- _Problem description_
Once you find the line below that contains "Nike ACG Vintage", write it out along with every later line exactly as given, stopping only when the records end. Omit the pictures.

- _Material provided_
Segment Open

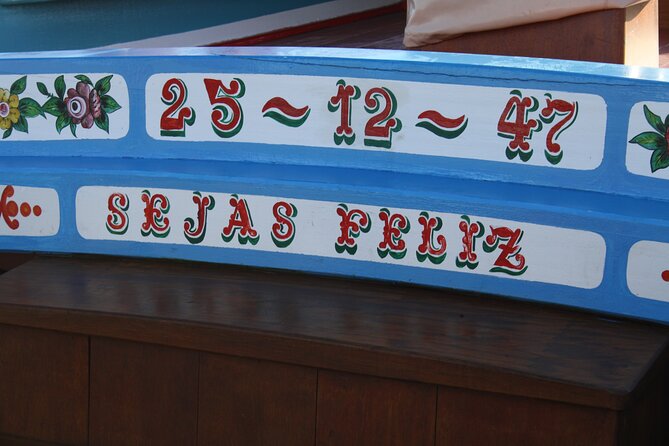 Lisbon Traditional Boats - Express Cruise - 45min - Commentary, languages, and crew service
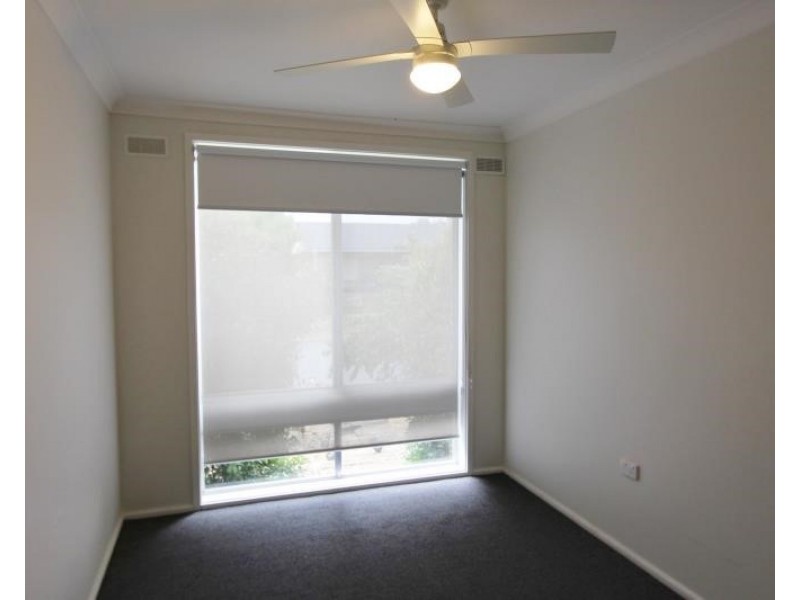 2/278 Bourke Street, Tolland NSW 2650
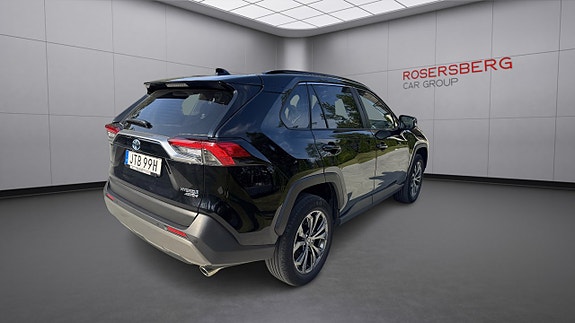 Toyota RAV4 5 of 13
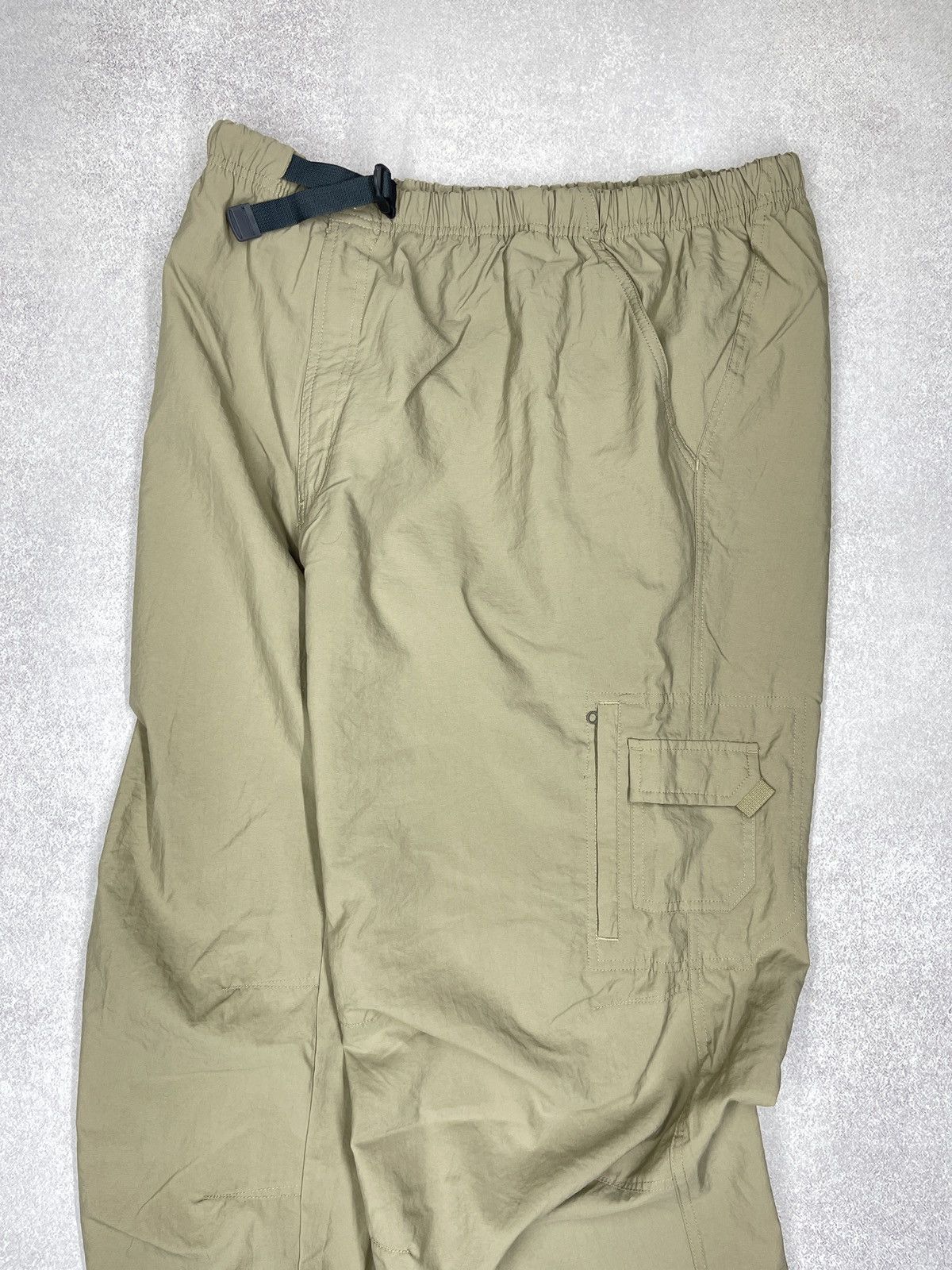 Nike ACG Vintage Nike ACG Nylon Cargo Pants Beige Gorpcore Techwear Size US 36 / EU 52 - 10 Thumbnail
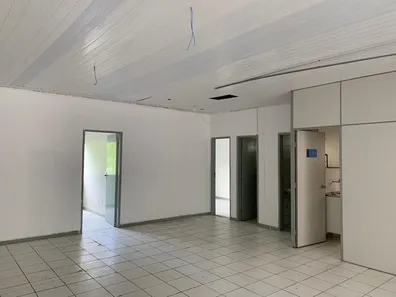 Sala Comercial para alugar, 138m² no Acupe de Brotas, Salvador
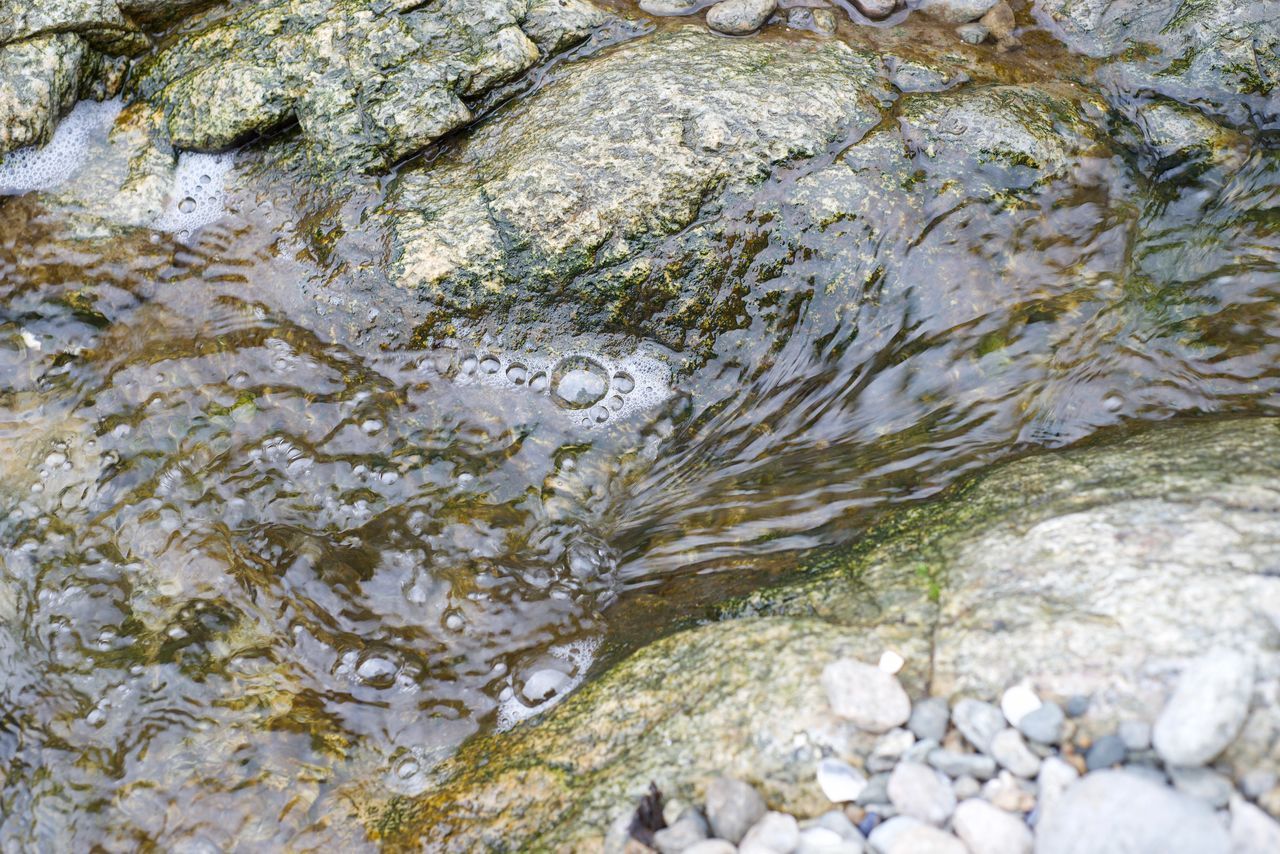 HIGH ANGLE VIEW OF WATER FLOWING IN RIVER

Segment Closed

- _Answer box_
 Nike ACG Vintage Nike ACG Nylon Cargo Pants Beige Gorpcore Techwear Size US 36 / EU 52 - 10 Thumbnail
 Sala Comercial para alugar, 138m² no Acupe de Brotas, Salvador
 HIGH ANGLE VIEW OF WATER FLOWING IN RIVER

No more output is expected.